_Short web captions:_
################

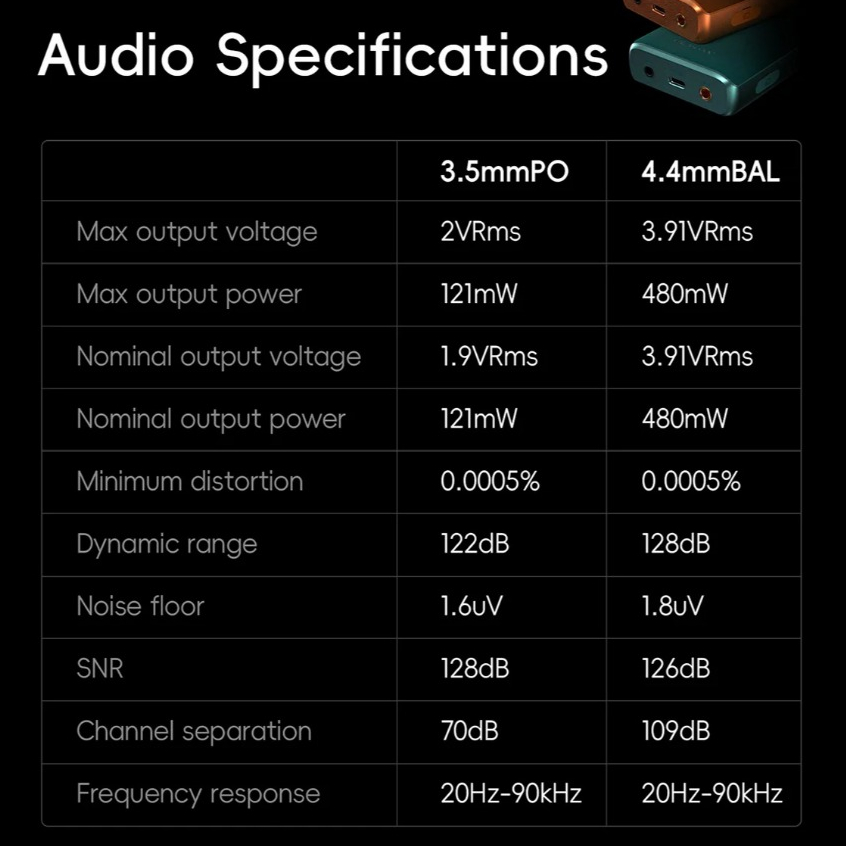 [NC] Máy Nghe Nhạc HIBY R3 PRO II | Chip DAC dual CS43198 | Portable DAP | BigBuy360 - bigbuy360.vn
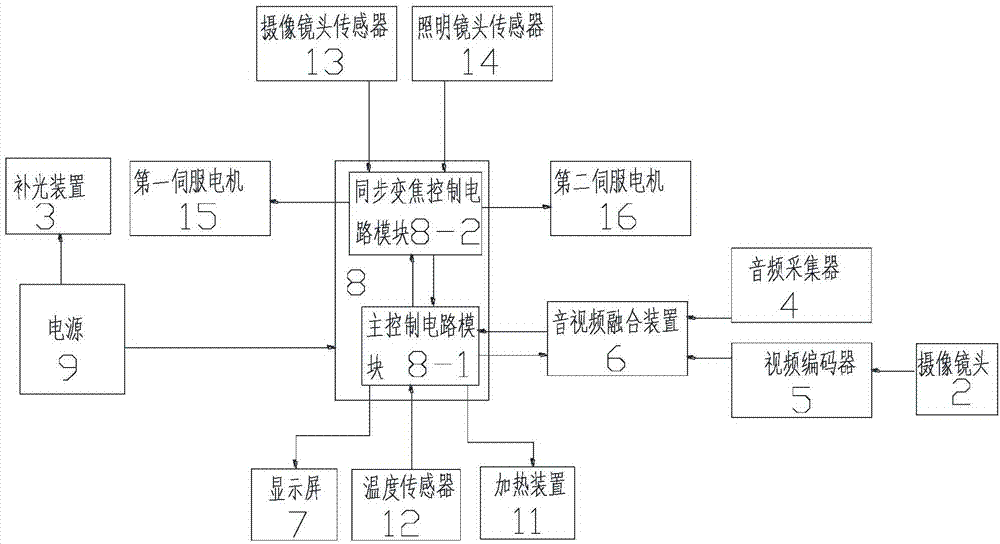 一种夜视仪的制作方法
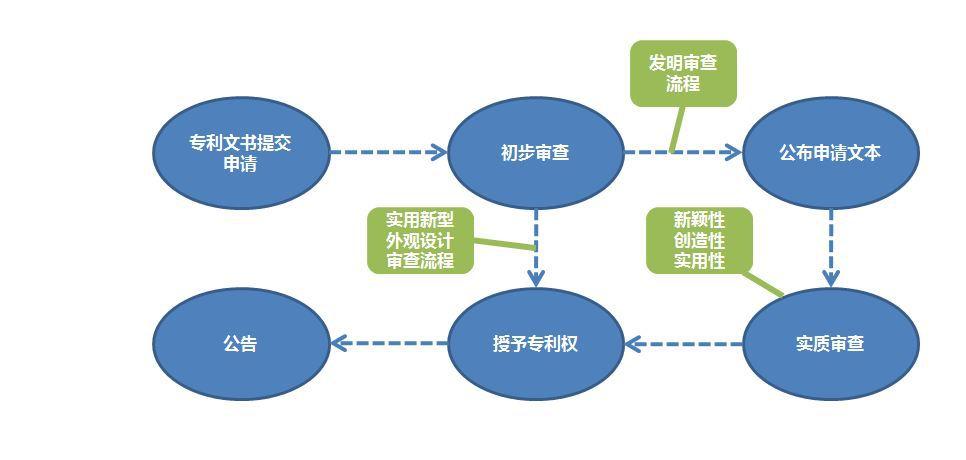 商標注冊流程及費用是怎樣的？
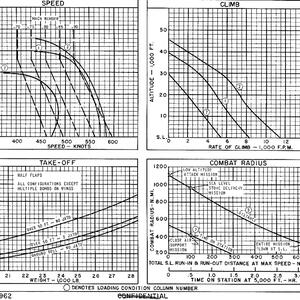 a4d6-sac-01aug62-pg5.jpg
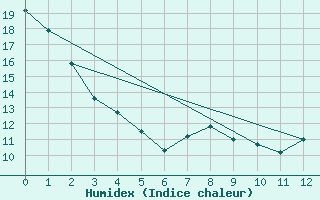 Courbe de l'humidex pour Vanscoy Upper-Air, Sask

################

Should the entries hold any pictures, please omit those and print the remaining text exactly.

_Result for this task:_
 [NC] Máy Nghe Nhạc HIBY R3 PRO II | Chip DAC dual CS43198 | Portable DAP | BigBuy360 - bigbuy360.vn
 一种夜视仪的制作方法
 商標注冊流程及費用是怎樣的？
 a4d6-sac-01aug62-pg5.jpg
 Courbe de l'humidex pour Vanscoy Upper-Air, Sask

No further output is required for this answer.